═════ PROVIDED INFORMATION ═════

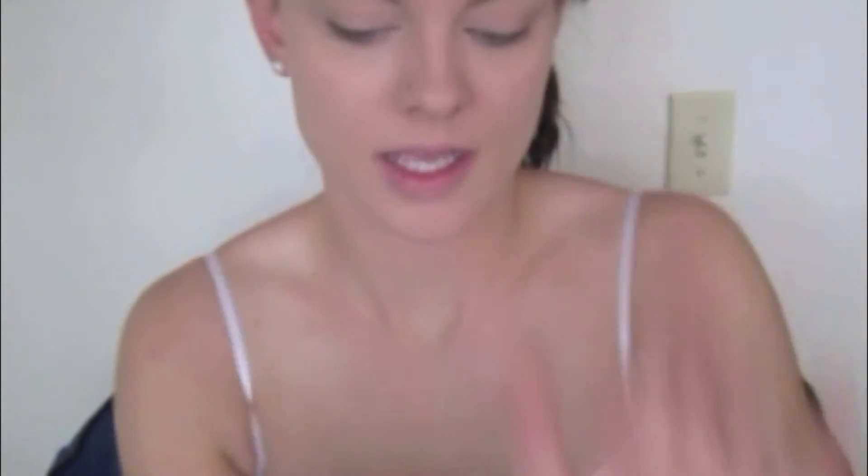Take a slightly smaller powder brush, dip it in the light powder, make sure there are no creases and your concealer hasn't settled into the lines under your eyes, and pat this down there to dry it up and keep it on all day.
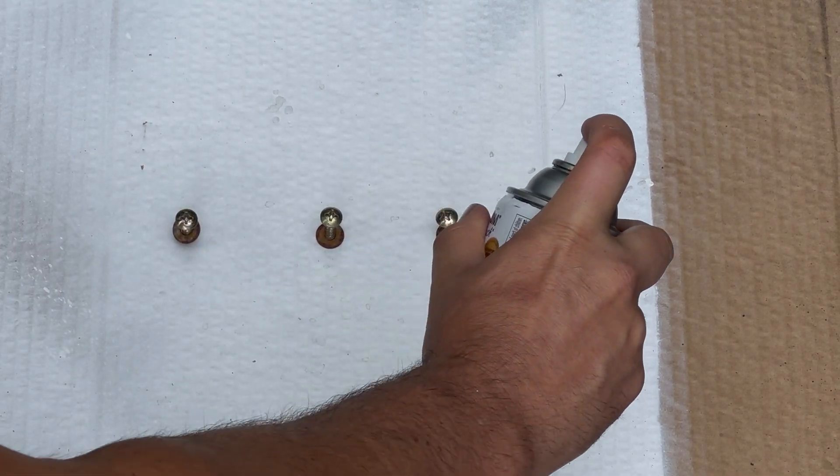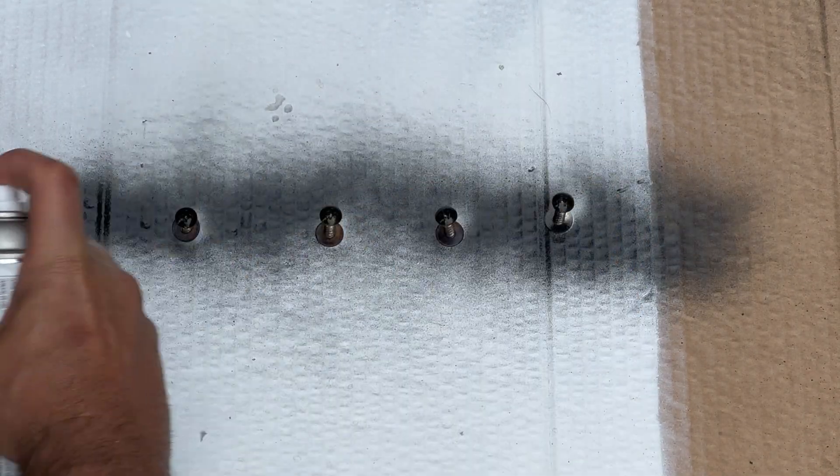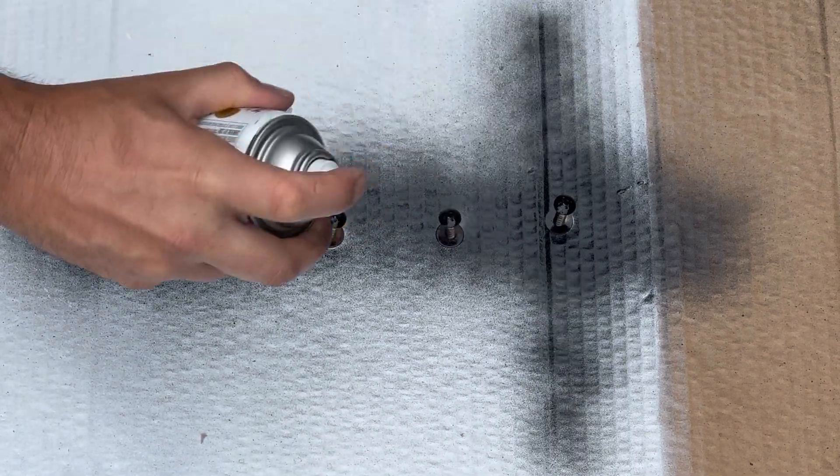We want to hit these screws in every possible angle. Go light on the paint and move in a circle, hitting every side — back to front, side to side — but moving in a circular fashion.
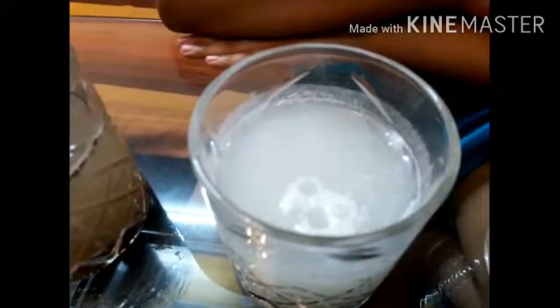Chalk powder. Yes, now can you still see the chalk powder in the third glass? Yes. It means chalk powder is not dissolved in the water.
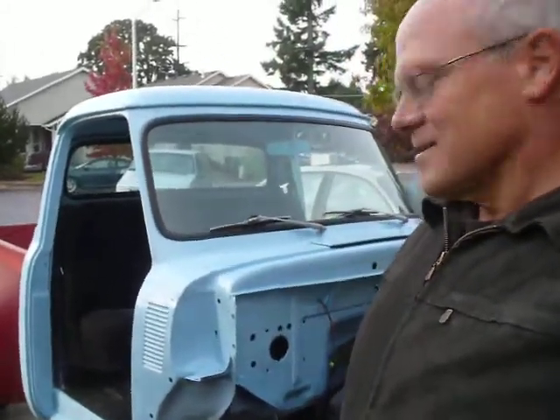A little update on my '54 F100 project. I haven't done this in a bit and I'm pretty happy about where I'm at on this. I'm going to give a quick walk around and a quick drive, and then if you hang on to the end you can hear all the gory detail on what I've accomplished since the last video.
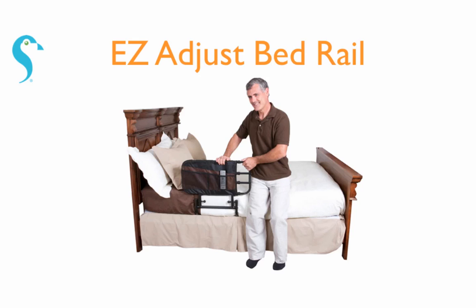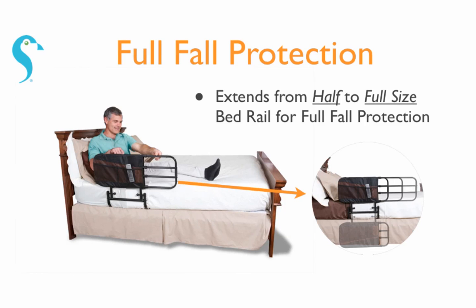The Easy Adjust Bedrail from Stander attaches to any home or hospital bed by sliding between the mattress and box spring, and is secured with the included safety strap. It's the only bedrail on the market that can extend from a half-sized bedrail to a full-length bedrail for fall prevention after it's installed on the bed.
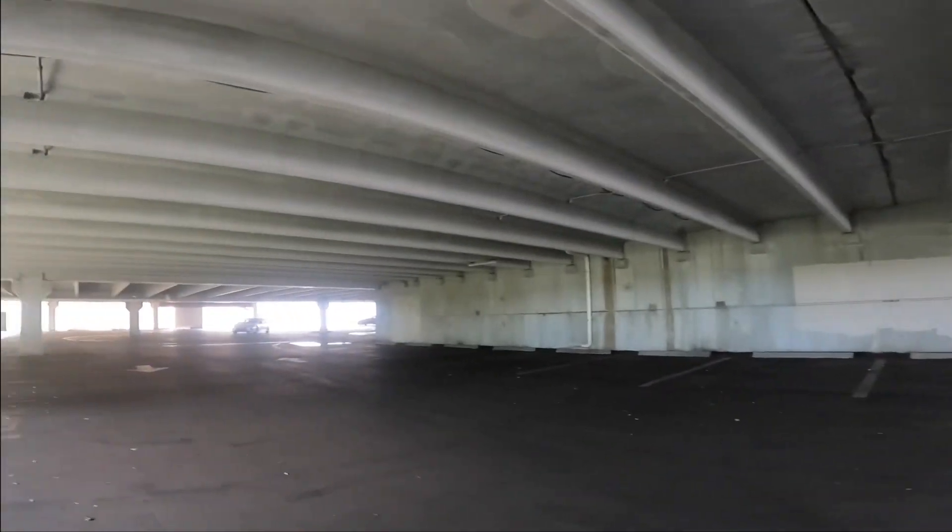First flight here in this indoor parking garage. I always fly my DJI drones here and I'm going to try it out with the FPV — see how this interesting one goes.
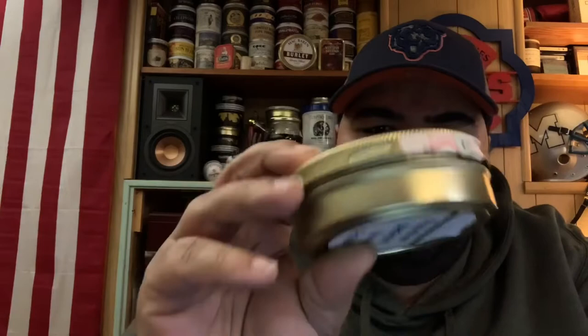Beautiful tin art. First off in the presentation, I'm not sure what all the writing is here, but I'm sure it's probably like a warning. Not sure on the date. It's got a little German tag on it — 50 grams. Looks like 980 euro cents, so like 10 bucks euro.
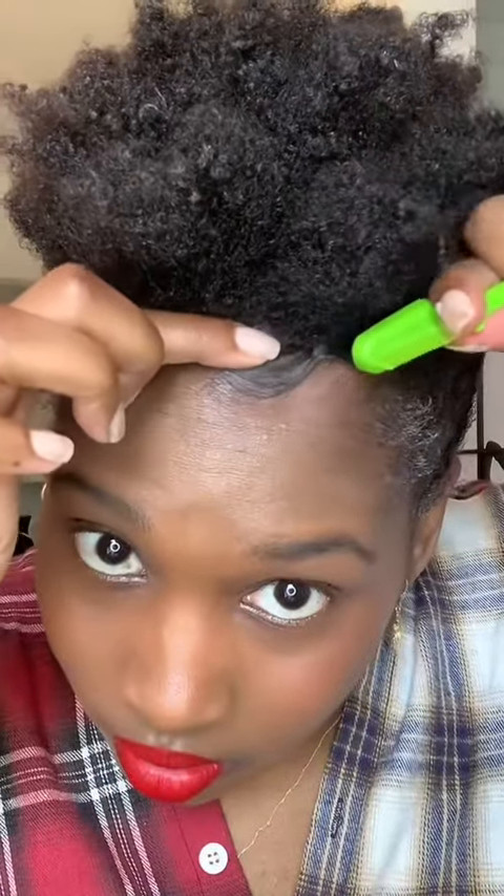Now I'm gonna take a bobby pin and just pin it up so we have a frohawk action going on. I'm gonna take my combat edges edge brush and my combat edges. Last, I'm gonna take some of the strawberry combat gel to help define these curls.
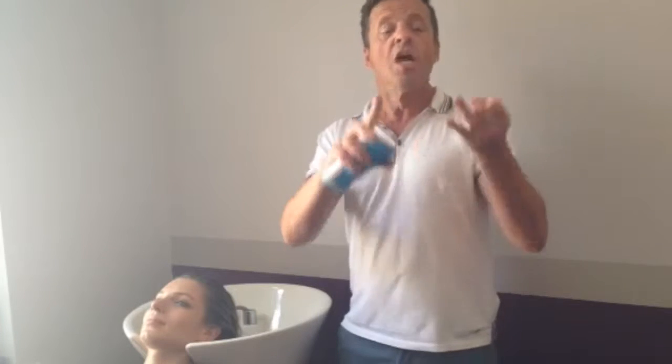Let's not forget, Aqua Splash is a great tool for working with conditioners, treatments, anything that you want to distribute through the hair evenly and quickly. Aqua Splash with that bar superstar.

═════

> _DIRECTIONS_
Print verbatim every line above, apart from the pictures.

> _EXERCISE ANSWER_
Take a slightly smaller powder brush, dip it in the light powder, make sure there are no creases and your concealer hasn't settled into the lines under your eyes, and pat this down there to dry it up and keep it on all day.
We want to hit these screws in every possible angle. Go light on the paint and move in a circle, hitting every side — back to front, side to side — but moving in a circular fashion.
Chalk powder. Yes, now can you still see the chalk powder in the third glass? Yes. It means chalk powder is not dissolved in the water.
A little update on my '54 F100 project. I haven't done this in a bit and I'm pretty happy about where I'm at on this. I'm going to give a quick walk around and a quick drive, and then if you hang on to the end you can hear all the gory detail on what I've accomplished since the last video.
The Easy Adjust Bedrail from Stander attaches to any home or hospital bed by sliding between the mattress and box spring, and is secured with the included safety strap. It's the only bedrail on the market that can extend from a half-sized bedrail to a full-length bedrail for fall prevention after it's installed on the bed.
First flight here in this indoor parking garage. I always fly my DJI drones here and I'm going to try it out with the FPV — see how this interesting one goes.
Beautiful tin art. First off in the presentation, I'm not sure what all the writing is here, but I'm sure it's probably like a warning. Not sure on the date. It's got a little German tag on it — 50 grams. Looks like 980 euro cents, so like 10 bucks euro.
Now I'm gonna take a bobby pin and just pin it up so we have a frohawk action going on. I'm gonna take my combat edges edge brush and my combat edges. Last, I'm gonna take some of the strawberry combat gel to help define these curls.
Let's not forget, Aqua Splash is a great tool for working with conditioners, treatments, anything that you want to distribute through the hair evenly and quickly. Aqua Splash with that bar superstar.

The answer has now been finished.